◆ **DATA EXTRACT**

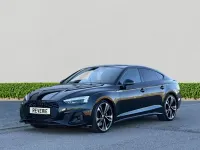 Used Audi S5 Sportback Black Edition 341 HP (250 kW) 2023 Black Hatchback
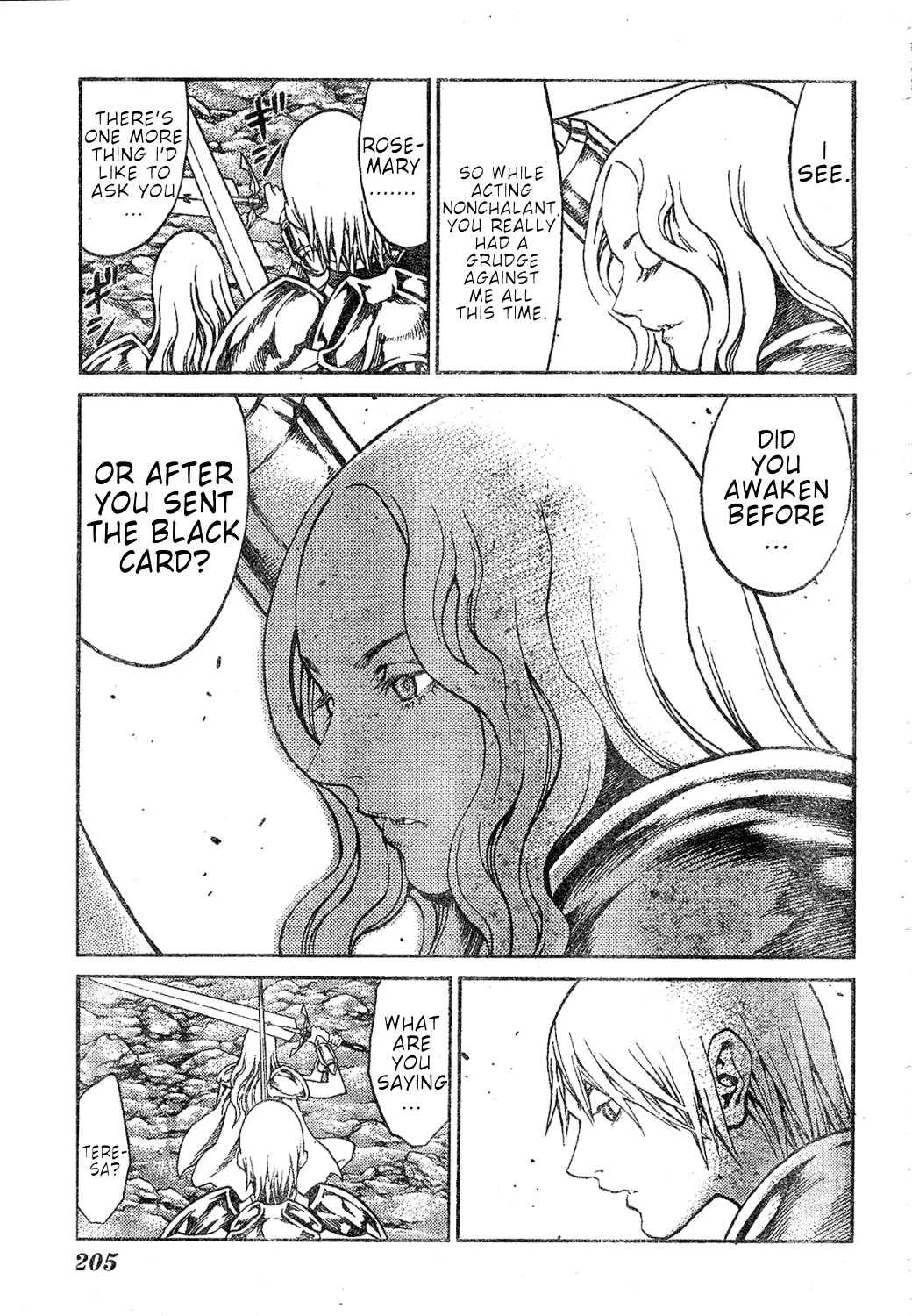 Read Claymore Manga Online
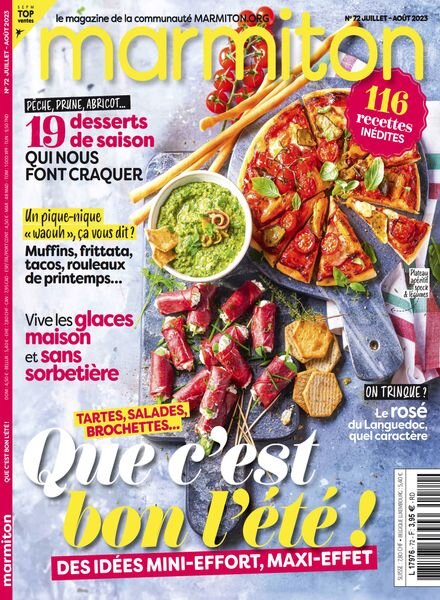 Marmiton – juin 22 2023 Cover
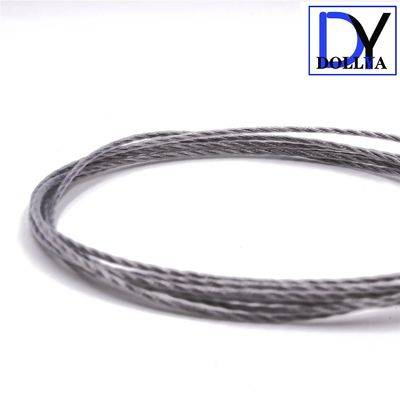 6m lange, unsichtbare Fenstergitter mit B-Sicherheitsklasse und 5cm Drahtabstand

◆ **TASK TO COMPLETE**
Reproduce everything above exactly, images excluded.

◆ **EXPECTED ANSWER**
 Used Audi S5 Sportback Black Edition 341 HP (250 kW) 2023 Black Hatchback
 Read Claymore Manga Online
 Marmiton – juin 22 2023 Cover
 6m lange, unsichtbare Fenstergitter mit B-Sicherheitsklasse und 5cm Drahtabstand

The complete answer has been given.